I think we can either:

  • Pass an optional subset here then replace the revset implementation to use it:
def getrevset(self, repo, phases, subset=None):
    if subset is None:
        subset = smartset.fullreposet(repo)
    if ...
        # fast path
        ...
        return subset & smartset.baseset(revs)
    else:
        ...
  • Remove support for calculating public() here by just raise error.ProgrammingError('public() is unsupported')

I guess the former is preferred eventually. But if you want to land this faster, the latter is easier. I can help writing a follow-up.

This revision now requires changes to proceed.Dec 6 2017, 9:02 PM
durin42 added a subscriber: durin42.Dec 6 2017, 9:24 PM
mercurial/phases.py
227–238

I think this can just follow the logic of the other branch, i.e. short cut if len(phases) == 1 and repo.changelog.filteredrevs, otherwise, add repo.changelog.filteredrevs to the union as well.
I added the assert to make sure that the check wasn't necessary, missed the implicit dependency on repo here.

quark added inline comments.Dec 7 2017, 3:43 PM
mercurial/phases.py
227–238

Agree. The only real difference with revset.py:public is the subset argument.

quark accepted this revision.Dec 7 2017, 10:00 PM

I think this is good enough. We can migrate revset.py public() implementation later.

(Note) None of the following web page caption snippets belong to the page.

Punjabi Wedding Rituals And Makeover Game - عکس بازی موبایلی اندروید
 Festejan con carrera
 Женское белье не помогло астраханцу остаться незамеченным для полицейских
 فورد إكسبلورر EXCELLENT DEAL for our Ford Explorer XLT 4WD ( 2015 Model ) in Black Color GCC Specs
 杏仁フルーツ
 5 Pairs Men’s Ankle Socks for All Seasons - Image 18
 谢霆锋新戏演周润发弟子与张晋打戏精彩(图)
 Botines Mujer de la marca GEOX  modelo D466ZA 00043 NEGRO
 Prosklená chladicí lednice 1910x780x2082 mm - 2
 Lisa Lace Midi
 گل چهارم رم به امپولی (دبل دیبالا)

yuja accepted this revision.Dec 8 2017, 9:54 AM
yuja added a subscriber: yuja.

Queued, thanks. Can you send follow-up patches to address trivial issues?

mercurial/cext/revlog.c
691–692

Removed unused variable in flight.

mercurial/phases.py
206

Nit: this isn't the "max" revision, but the size. Perhaps the initial
value should be 0.

237

Nit: could be written as fullrepoest(repo) - baseset(revs).

265–280

Nice, no dependency on repo. As a follow-up, maybe we
can extract a pure function as truly drop-in replacement for
the native function.

267

s/map/pycompat.maplist/ for Python 3 compatibility. Fixed in flight.

296

s/_phaserevs/_phasesets/. Fixed in flight.

This revision is now accepted and ready to land.Dec 8 2017, 9:54 AM
This revision was automatically updated to reflect the committed changes.
quark added inline comments.Dec 8 2017, 5:57 PM
mercurial/phases.py
237

baseset.__contains__ is slower than set.__contains__ so the current code is faster.

yuja added inline comments.Dec 8 2017, 7:58 PM
mercurial/phases.py
237

Really? It's aliased to self._set.__contains__.